Support Questions
Find answers, ask questions, and share your expertise
Alert: The Cloudera Community will undergo maintenance on Saturday, August 17 at 12:00am PDT. See more info here.

Sqoop from DB2 when key is composite and non-numeric.


Sqoop from DB2 when key is composite and non-numeric.

New Contributor

We are in the very early stages of our integration with Hadoop and we have two key interests:


Ingestion into Hadoop from DB2 with Sqoop

We are heavy users of DB2. For the last month we have tried to ingest with Sqoop and the JDBC connector but what we are encountering is that Sqoop is apparently not able to perform correctly (i.e. use the full advantage of the parallelism) when the DB2 table we want to ingest has a (1) composite key where (2) the first field is not numeric, which, as it happens is the situation with all our DB2 tables. Apparently if we try to run several processes (say 10) in parallel to ingest a table with Sqoop quickly, but the key is not a single numeric field what it effectively does is run 10 full scans of the table and it doesn’t really gives any performance (whilst consuming MIPS like crazy.)

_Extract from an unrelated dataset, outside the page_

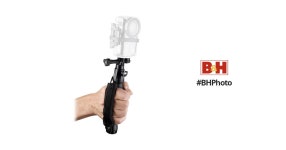 veho VCC-A023-PSM MUVI Universal Palm Strap Mount VCC-A023-PSM veho VCC-A023-PSM MUVI Universal Palm Strap Mount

Optimised connection to DB2

In the same line, we are using a JDBC connector to connect DB2 to Sqoop and Hadoop to ingest and we were wondering if there is a DB2 optimised “direct” connector (or plans for it) that allows access to DB2 database files directly equivalent to MySql's mysqldump.


We have heard of vStorm enterprise solution and I wonder if anyone has experience with it or can recommend any other non-paid solution.